Exercise aim:
Every record below is to be restated verbatim, though its images are not.

Data for review:
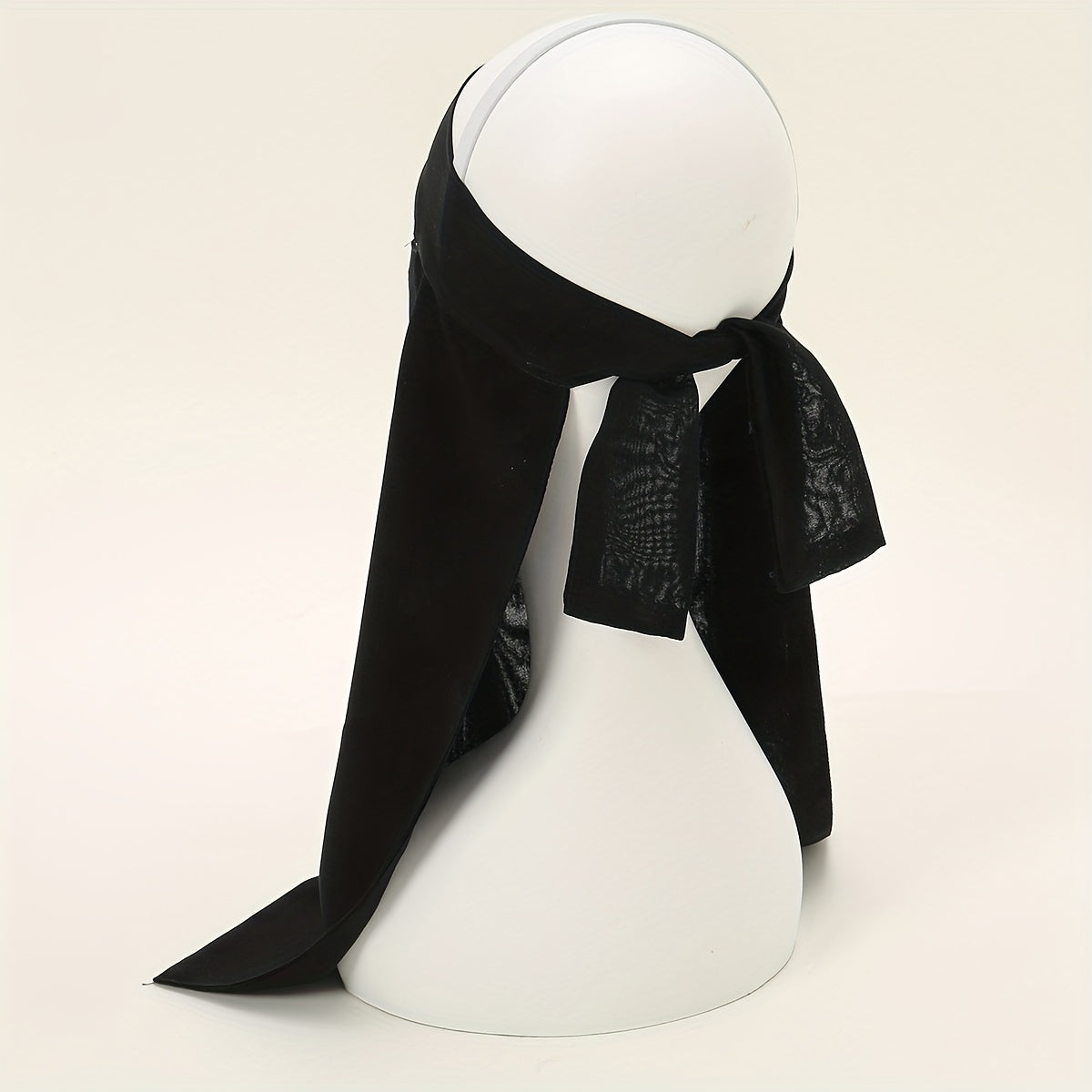 Chiffon Veil Scarf Full Cover Sunproof Neck Gaiter Lace Up Mask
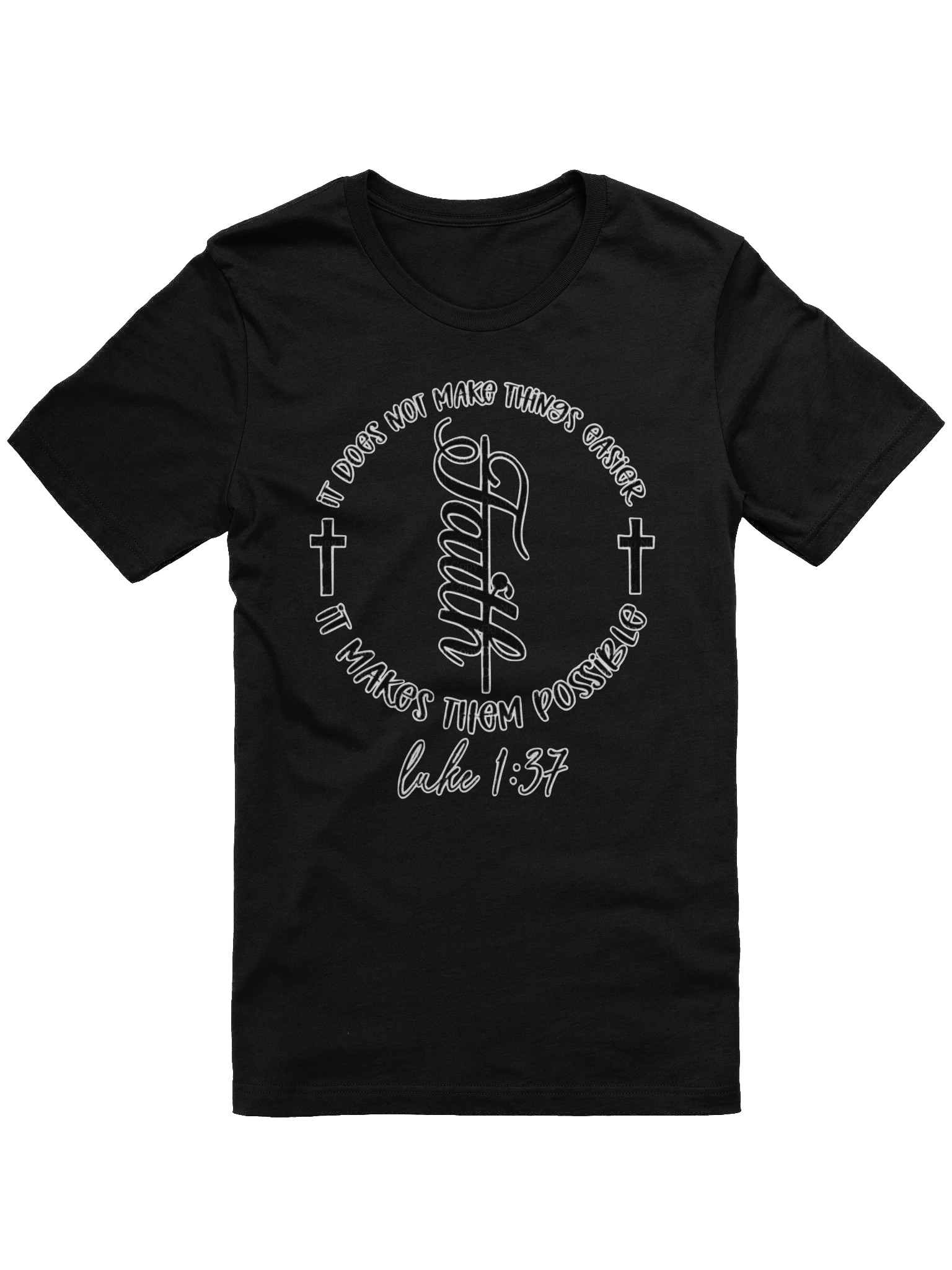 Faithful Circle Inspirational T-Shirt product image (5)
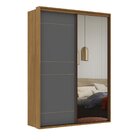 Guarda Roupa Solteiro Mdf 2 Portas 1 Com Espelho 170 Cm Quali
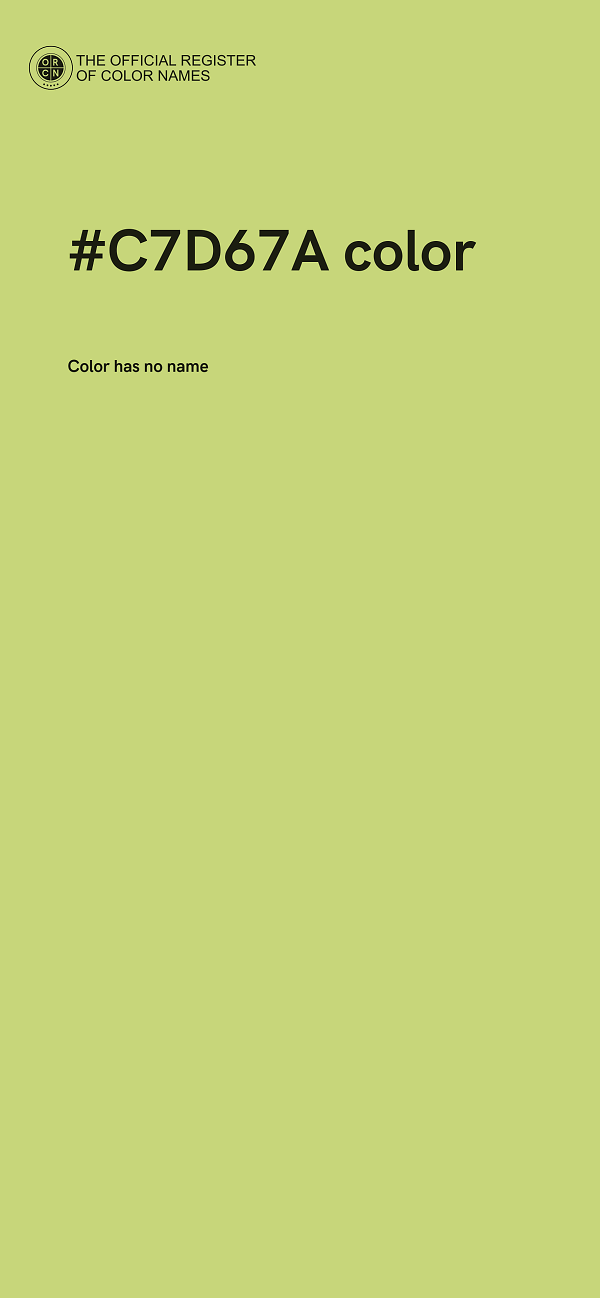 #C7D67A color image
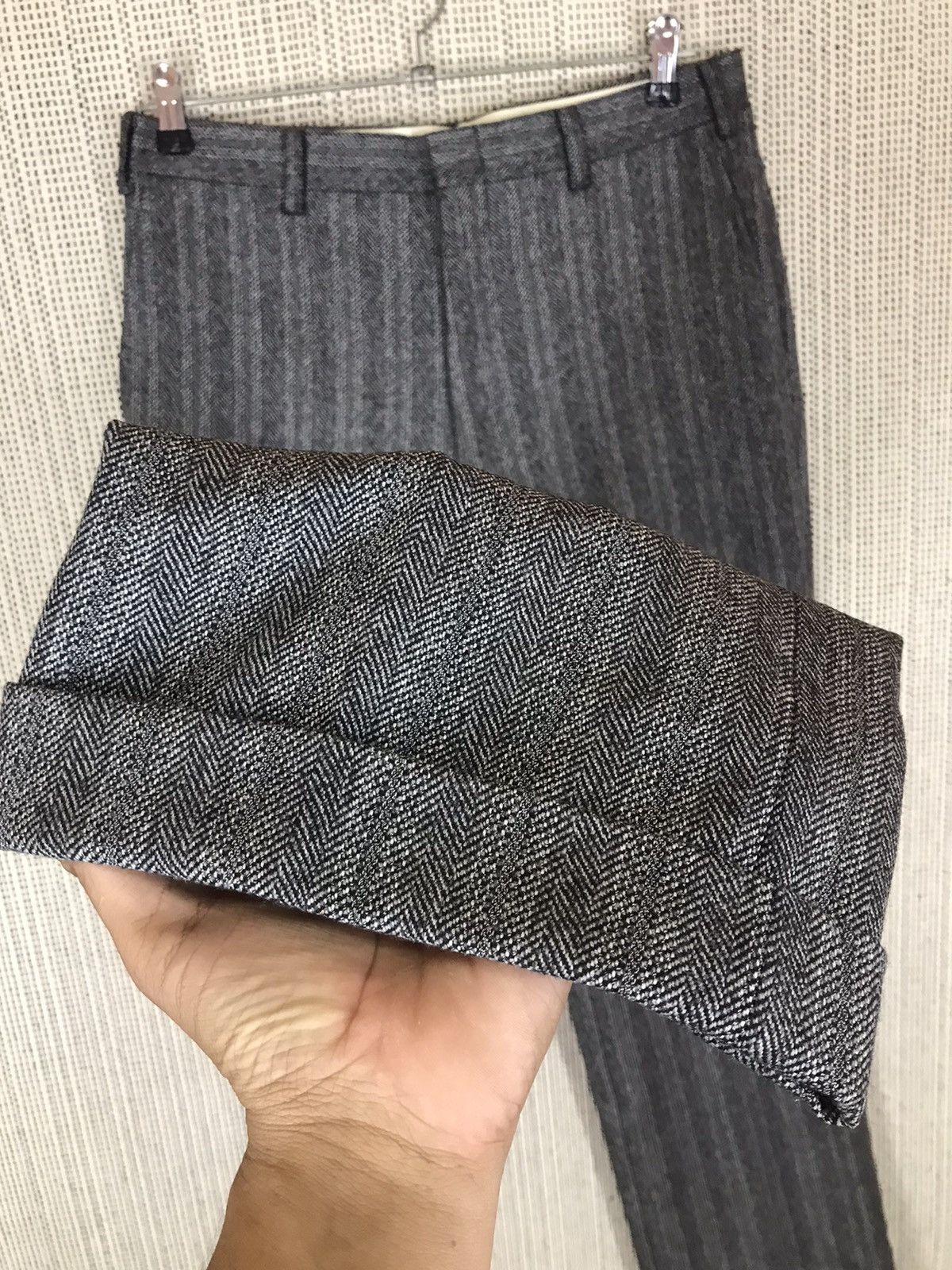 Burberry × Vintage 🔥WOOL PANTS🔥VINTAGE 90s BURBERRY WOOL PANTS Size US 30 / EU 46 - 5 Thumbnail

Answer to this problem:
 Chiffon Veil Scarf Full Cover Sunproof Neck Gaiter Lace Up Mask
 Faithful Circle Inspirational T-Shirt product image (5)
 Guarda Roupa Solteiro Mdf 2 Portas 1 Com Espelho 170 Cm Quali
 #C7D67A color image
 Burberry × Vintage 🔥WOOL PANTS🔥VINTAGE 90s BURBERRY WOOL PANTS Size US 30 / EU 46 - 5 Thumbnail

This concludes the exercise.